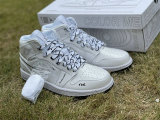 Authentic Air Jordan 1 Mid GS “Schematic”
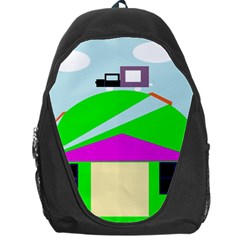 Abstract Landscape  Backpack Bag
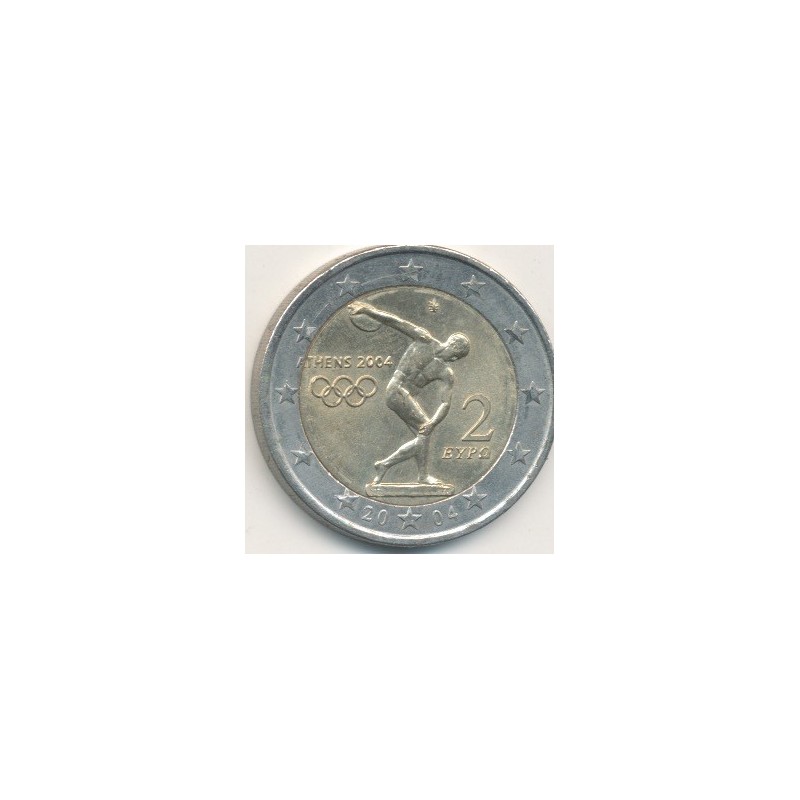2€ Grece - 2004
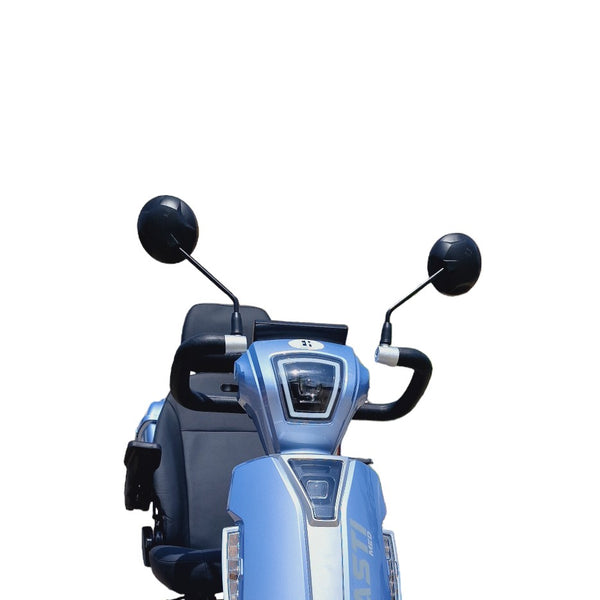 BULLBIKE Monaco Elektro Scooter 600W 60V 20Ah 25Km/h/ Seniorenmobil / Vierrad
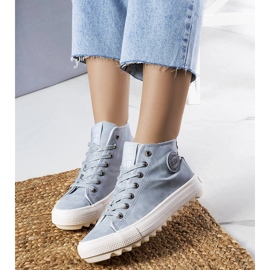 Kék szigetelt tornacipő Big Star EE274115 1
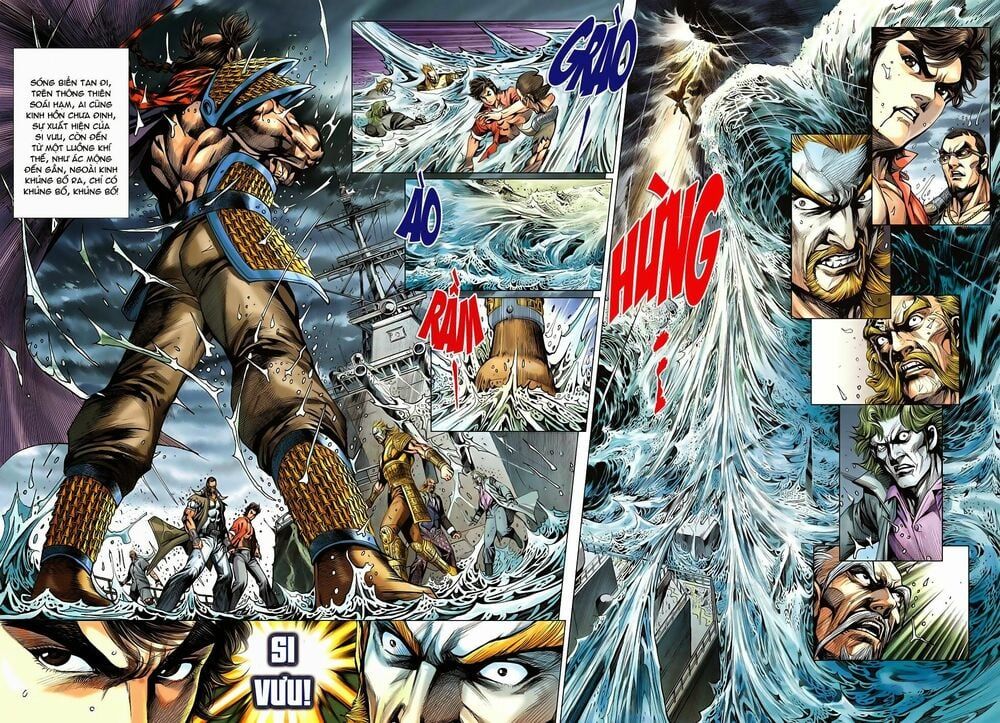 đọc truyện Tân Tác Long Hổ Môn Chương 609 ảnh 23 tại Thiên Thai Truyện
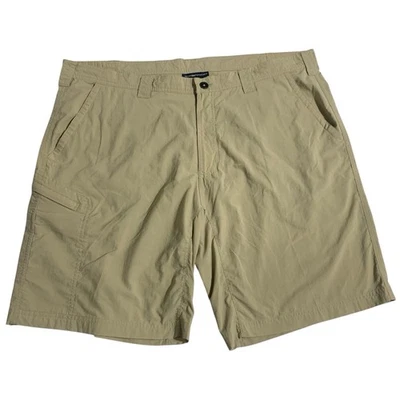 Pantalones Cortos ExOfficio Repelente de Insectos Para Hombres 100% Nylon Beige Talla 42 Bolsillos de Carga Senderismo Foto 1 de 4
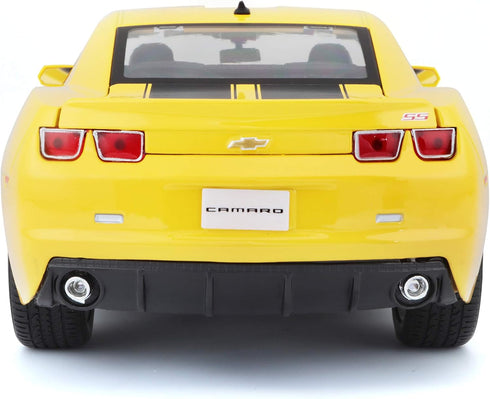 Maisto 1:18 Scale Diecast Vehicle 2010 Chevy Camaro SS RS (Colors May Vary)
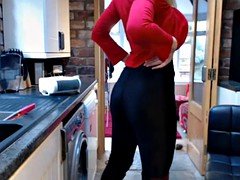 Leie, Blondine, Hardcore, Hausfrau, Masturbation, Netzkamera, Ehefrau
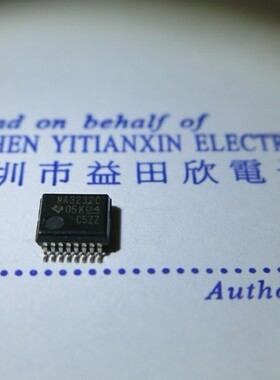 MA3232C MAX3232CDBR MAX3232CDR MAX3232CDWR实体店经营正品保障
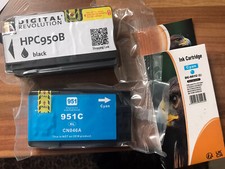 1 Patrone HP 950 XL black, 2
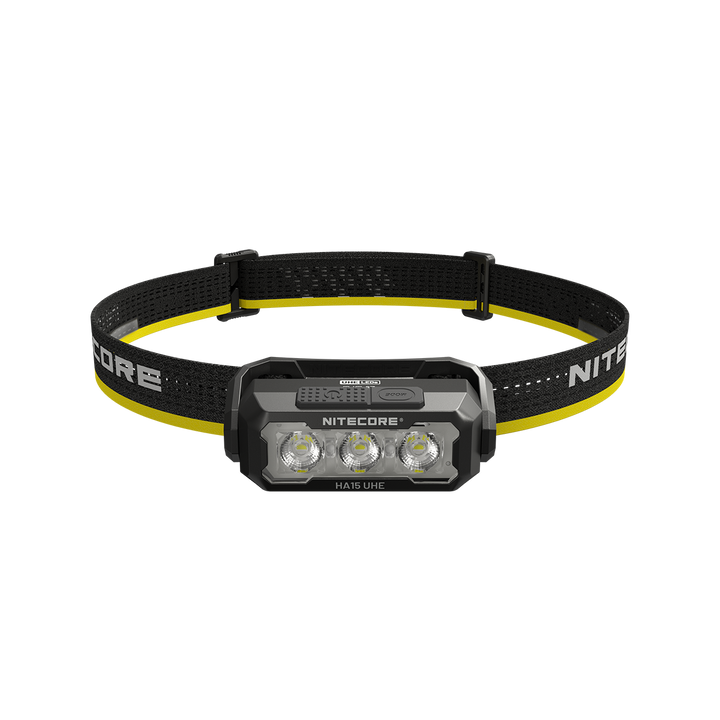 Nitecore HA15 UHE Multipurpose Ultra Lightweight AA Headlamp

_____

The entire listing above, minus its pictures, should be copied out exactly.

▸ **REPLY TO THE EXERCISE**
 Authentic Air Jordan 1 Mid GS “Schematic”
 Abstract Landscape  Backpack Bag
2€ Grece - 2004
 BULLBIKE Monaco Elektro Scooter 600W 60V 20Ah 25Km/h/ Seniorenmobil / Vierrad
 Kék szigetelt tornacipő Big Star EE274115 1
 đọc truyện Tân Tác Long Hổ Môn Chương 609 ảnh 23 tại Thiên Thai Truyện
 Pantalones Cortos ExOfficio Repelente de Insectos Para Hombres 100% Nylon Beige Talla 42 Bolsillos de Carga Senderismo Foto 1 de 4
 Maisto 1:18 Scale Diecast Vehicle 2010 Chevy Camaro SS RS (Colors May Vary)
 Leie, Blondine, Hardcore, Hausfrau, Masturbation, Netzkamera, Ehefrau
 MA3232C MAX3232CDBR MAX3232CDR MAX3232CDWR实体店经营正品保障
 1 Patrone HP 950 XL black, 2
 Nitecore HA15 UHE Multipurpose Ultra Lightweight AA Headlamp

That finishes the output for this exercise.